Era el genuino y verídico 007, creado por Ian Fleming en 1953 para desbaratar los planes de SMERSH (en ruso: Smert' Shpionam; es decir, ‘Muerte a los Espías’) que lleva entre manos el implacable Le Chiffre en Casino Royale, primera novela de la serie James Bond.

La vida entonces tenía verdadero glamour y otra esencia de pata negra en el amor y en la muerte. Todo era muchísimo más excitante: la política, la Guerra Fría, el arte, la literatura, las fiestas psicodélicas, las cafeterías de los aeropuertos, la prostitución de lujo, la canción protesta, el pop en todas sus múltiples facetas, el levantamiento del muro de Berlín, el oscuro final de Marilyn Monroe, la amenaza nuclear, el pacifismo, la crisis de los misiles en Cuba, la Revolución Cultural de Mao, Vietnam, The Summer of Love, el adiós al Che Guevara, el hombre en la Luna (¿?), el Festival de Woodstock, el cine de la nouvelle vague francesa, etc.

Eligieron a Sean Connery para encarnar la inmortalidad del último héroe antes del ocaso de los buenos tiempos. Todavía tenía sentido hablar de la vie en rose y París seguía siendo una orgía incesante que acababa siempre en una mesa del Café de la Paix, y Londres y Nueva York también eran ciudades orgiásticas, o San Francisco de California, mientras Katmandú, con su incomparable atmósfera de misticismo, se erigía en centro de peregrinación del movimiento hippy.

El llamado “mundo libre”, enfrentado mortalmente al llamado “socialismo real”, dependía de una Beretta automática de calibre 25 y empuñadura desnuda que Bond llevaba, en una liviana pistolera de piel de gamuza, colgada a unos ocho centímetros por debajo de su axila. Marie Laforet cantaba Manchester et Liverpool.

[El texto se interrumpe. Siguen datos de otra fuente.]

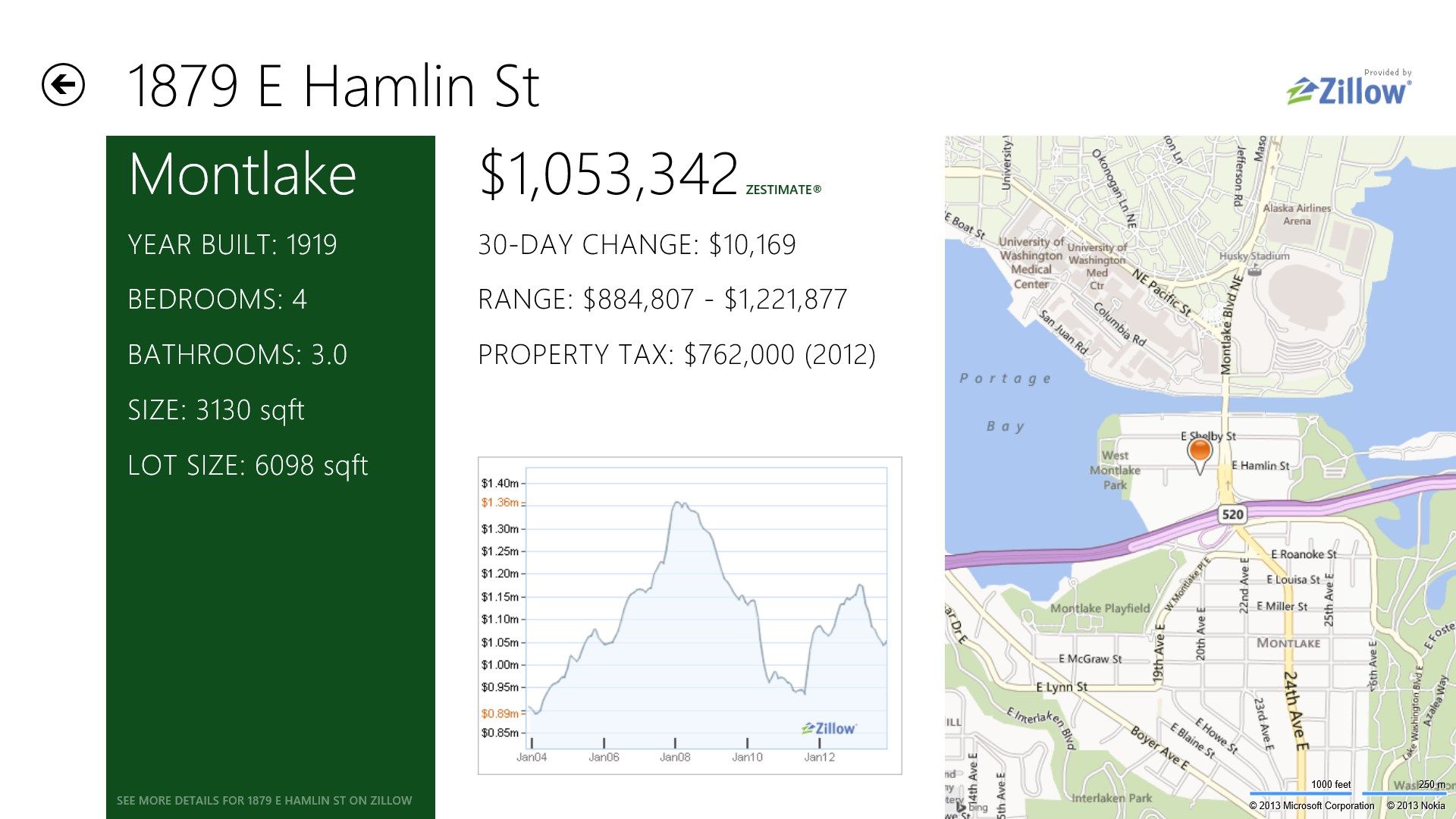 Get up to date data from Zillow about your house.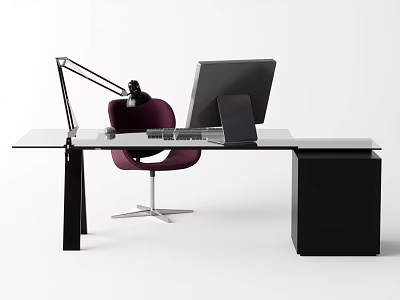 Modern Office Desk With Glass Top Computer Monitor Laptop Desk Lamp And Purple Chair 3d model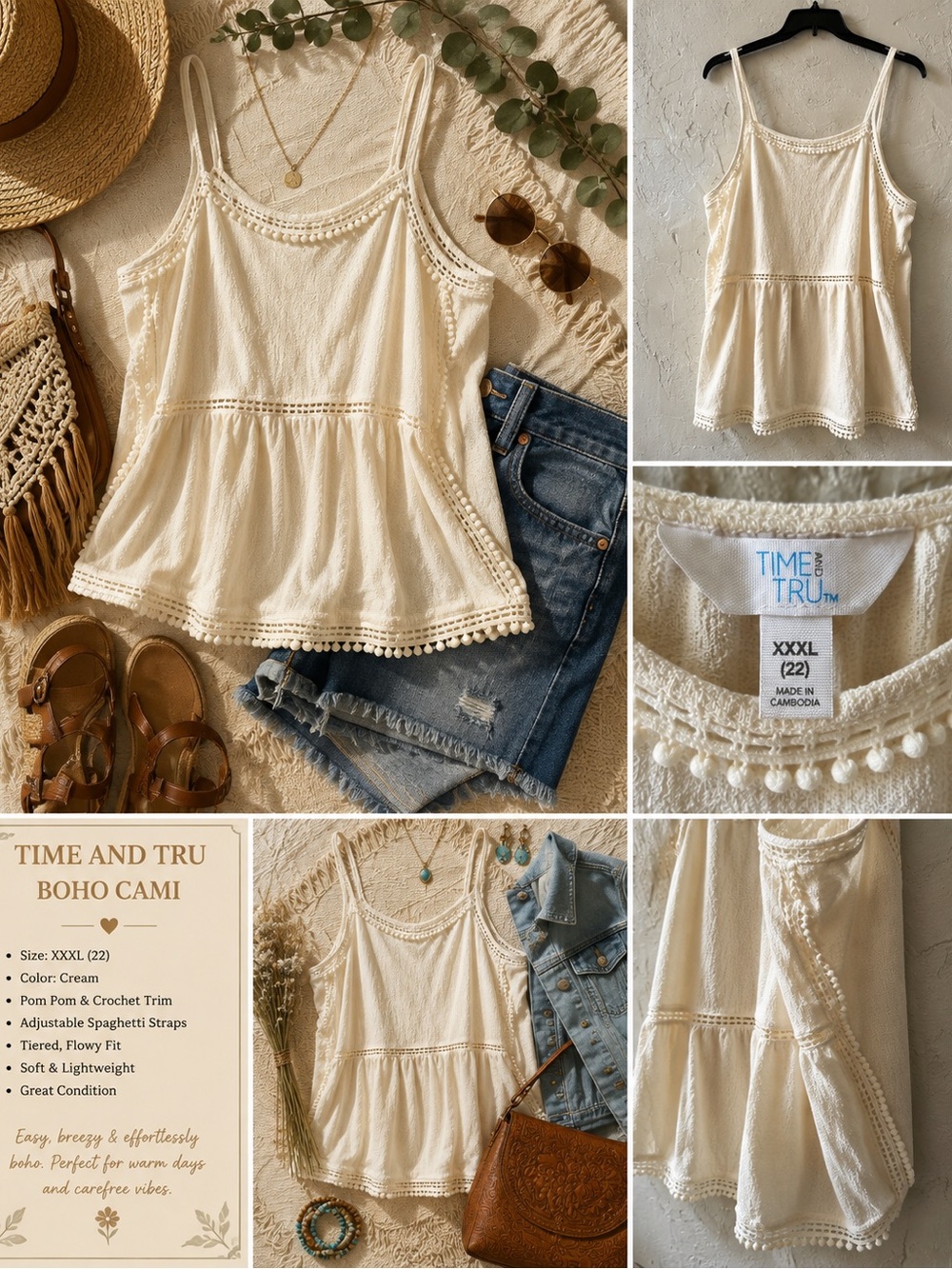 Time and Tru Cream Crochet-Trim Camisole Tank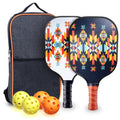Luxmo Premium Pickleball Paddle Set - 2 Lightweight Paddles with Fiberglass Surface, Polypropylene Core, 4 Balls & Carry Bag Included!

En territorio británico, algunos brillantes alumnos egresados de Oxford y Cambridge, que empezaban una prometedora carrera en el Foreign Office, aún cedían a la tentación de mirarse en el espejo de Kim Philby, el tercer hombre.

La épica cinematográfica de 007 nace y muere con Sean Connery. Lo que viene después —George Lazenby, Roger Moore, Timothy Dalton— no tiene nada que ver con lo anterior, hasta llegar a la fase de disolución representada por un Bond postmoderno y políticamente correcto. No podía ser lo mismo un superagente mal deconstruido y reelaborado a la baja.  Ni siquiera contando con el buen actor que es Pierce Brosnam, a quien el adulterado personaje se le quedaba corto y fláccido. Respecto a Daniel Craig, sinceramente, no sé qué decir, y ello porque tal vez, y a estas alturas, no haya nada que decir de la sombra innecesaria de un James Bond al día de hoy imposible.